Some lines in the data below hold the string "Bedroom". Report how many, as a bare number.

======== Records for this exercise ========

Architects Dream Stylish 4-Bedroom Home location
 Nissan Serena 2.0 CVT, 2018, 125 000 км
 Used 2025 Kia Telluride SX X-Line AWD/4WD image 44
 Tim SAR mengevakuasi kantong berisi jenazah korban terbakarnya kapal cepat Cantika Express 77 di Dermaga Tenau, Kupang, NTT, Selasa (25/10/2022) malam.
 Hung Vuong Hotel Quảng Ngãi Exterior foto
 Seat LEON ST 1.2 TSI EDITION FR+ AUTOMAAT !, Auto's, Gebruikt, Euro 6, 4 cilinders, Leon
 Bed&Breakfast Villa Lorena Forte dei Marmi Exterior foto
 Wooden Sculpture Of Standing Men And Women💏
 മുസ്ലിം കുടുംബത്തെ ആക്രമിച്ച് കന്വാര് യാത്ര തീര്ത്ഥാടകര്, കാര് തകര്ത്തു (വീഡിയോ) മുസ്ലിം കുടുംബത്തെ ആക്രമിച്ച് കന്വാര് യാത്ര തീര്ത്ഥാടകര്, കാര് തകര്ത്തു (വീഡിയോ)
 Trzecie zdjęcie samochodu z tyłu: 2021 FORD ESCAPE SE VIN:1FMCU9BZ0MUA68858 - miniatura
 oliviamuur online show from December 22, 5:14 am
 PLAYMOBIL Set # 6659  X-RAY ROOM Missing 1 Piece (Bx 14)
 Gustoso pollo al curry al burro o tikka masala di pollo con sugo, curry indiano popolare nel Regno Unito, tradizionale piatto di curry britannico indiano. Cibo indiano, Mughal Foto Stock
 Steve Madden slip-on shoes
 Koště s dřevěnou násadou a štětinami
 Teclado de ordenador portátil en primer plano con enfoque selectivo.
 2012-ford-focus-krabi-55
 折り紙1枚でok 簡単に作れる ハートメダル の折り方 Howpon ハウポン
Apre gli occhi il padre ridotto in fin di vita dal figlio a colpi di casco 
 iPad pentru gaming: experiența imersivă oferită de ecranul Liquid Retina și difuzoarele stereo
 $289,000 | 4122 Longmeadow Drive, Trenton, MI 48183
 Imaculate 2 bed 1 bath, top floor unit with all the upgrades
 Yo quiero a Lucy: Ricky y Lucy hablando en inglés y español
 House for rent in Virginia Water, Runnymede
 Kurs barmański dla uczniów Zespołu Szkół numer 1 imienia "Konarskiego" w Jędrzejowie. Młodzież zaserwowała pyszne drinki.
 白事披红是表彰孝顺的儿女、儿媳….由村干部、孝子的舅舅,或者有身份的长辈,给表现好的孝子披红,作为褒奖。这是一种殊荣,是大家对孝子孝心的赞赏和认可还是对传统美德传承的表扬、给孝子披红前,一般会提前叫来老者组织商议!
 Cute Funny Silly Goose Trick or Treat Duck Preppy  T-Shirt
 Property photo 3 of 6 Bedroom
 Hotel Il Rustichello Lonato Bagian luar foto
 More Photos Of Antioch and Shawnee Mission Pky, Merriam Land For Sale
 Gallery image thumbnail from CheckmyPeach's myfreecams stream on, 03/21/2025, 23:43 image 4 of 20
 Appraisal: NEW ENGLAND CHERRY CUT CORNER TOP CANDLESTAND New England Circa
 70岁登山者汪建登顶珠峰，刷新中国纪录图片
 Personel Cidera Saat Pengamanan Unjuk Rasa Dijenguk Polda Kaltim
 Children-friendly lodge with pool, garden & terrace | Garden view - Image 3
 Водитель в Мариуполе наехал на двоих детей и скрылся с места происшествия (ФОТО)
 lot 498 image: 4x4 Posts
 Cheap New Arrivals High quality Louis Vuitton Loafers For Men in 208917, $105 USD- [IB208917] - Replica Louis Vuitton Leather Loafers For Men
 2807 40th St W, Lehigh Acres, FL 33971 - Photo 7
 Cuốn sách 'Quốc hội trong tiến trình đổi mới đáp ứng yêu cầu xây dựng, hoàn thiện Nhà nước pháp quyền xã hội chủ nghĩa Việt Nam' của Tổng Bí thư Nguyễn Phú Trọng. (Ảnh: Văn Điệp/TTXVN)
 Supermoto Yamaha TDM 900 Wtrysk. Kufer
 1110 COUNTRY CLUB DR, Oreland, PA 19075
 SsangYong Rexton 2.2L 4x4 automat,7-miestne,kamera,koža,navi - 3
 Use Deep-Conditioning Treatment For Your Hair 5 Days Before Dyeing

========

## Task solution
2